The BBC on the other hand has a licence fee that it relies on to provide everything for free - a repeat of Apprentice for example can be watched online or downloaded to a PC as long as its done within a week of the show on TV - whilst license fees are not required to watch it, leaving ITV somewhere in the middle.

Meanwhile, fresh programming on shoestring budgets has long been a pastime of the BBC with shows such as 'Last Choir Standing' and 'Strictly Come Dancing' remaining popular despite 'X-factor' and 'Dancing on Ice' gaining in recent years.


The resulting competition for audiences has led to a broad divide in telecoms/media providers with Virgin Media and Sky standing on one side with the BBC, Channel 4, Five and BT/Talktalk standing on the other - a bit with ITV somewhere in the middle.

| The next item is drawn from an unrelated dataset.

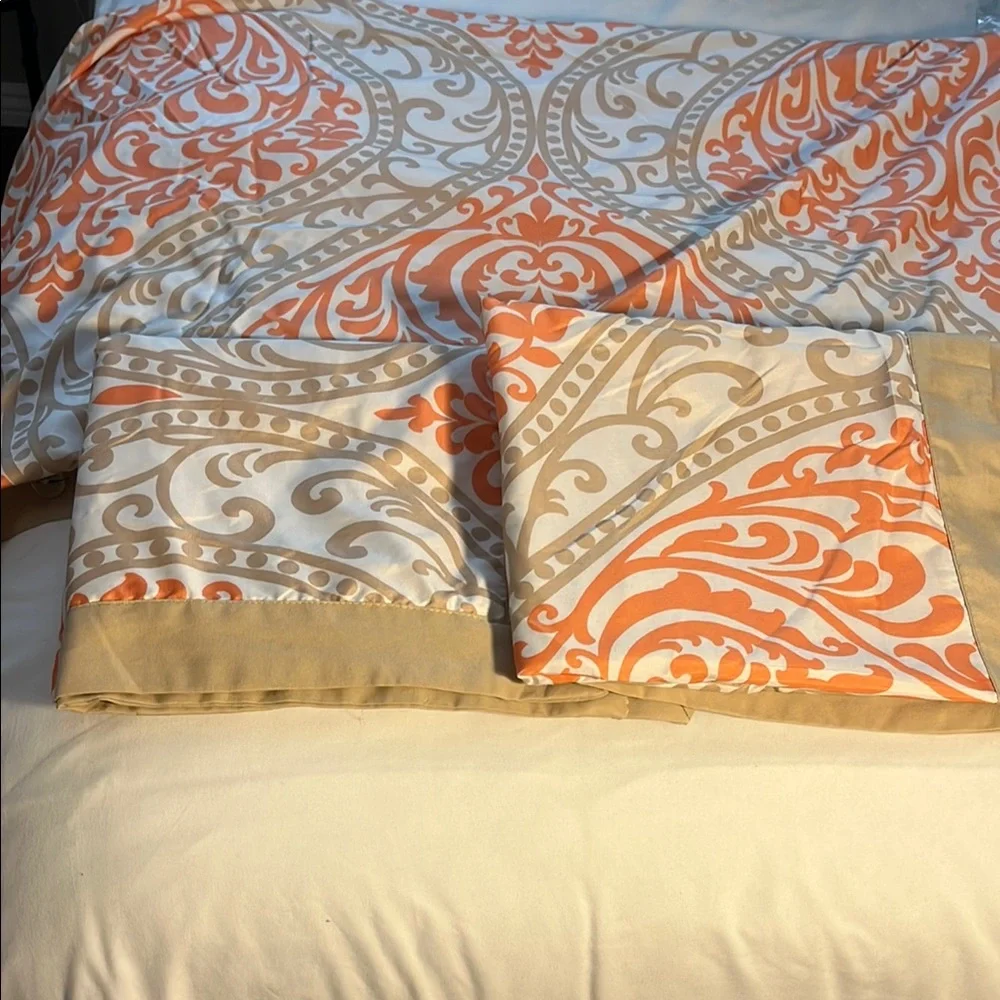 Elegant Orange and Cream Duvet Cover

Virgin Media want to offer premium services such as Sky Sports HD down its broadband whilst 'Canvas' on the other hand wants to offer regular channels such as BBC iplayer content through BT and Talktalk's internet network. By moving across towards pay-TV however ITV has crossed a divide, and it remains to be seen how much of their content will be available freely for Canvas after today.

The move as you can imagine was welcomed by the City who like the idea of generating revenue through its popular shows on top of ad revenue and Crozier's plan to generate less than half from 'on the spot advertising' - currently 74 pct.

"Management sets out five-year transformation plan. New CEO Adam Crozier has identified that ITV has suffered from 'organisational ineffectiveness' and has missed opportunities by focusing on free-to-air advertising to the exclusion of pay-TV and the Internet. The incremental investment announced (£75m of net investment to be spent over three years on an 'ideas led' basis, and the reinvestment of most of the FIFA world cup 'savings') is modest relative to management ambitions to reduce ITV's exposure to spot advertising to 50% in 2015 (74% currently). It seems the strategy is more about improving internal practices and spending smarter than it is about spending more." said analysts for the Royal Bank of Scotland.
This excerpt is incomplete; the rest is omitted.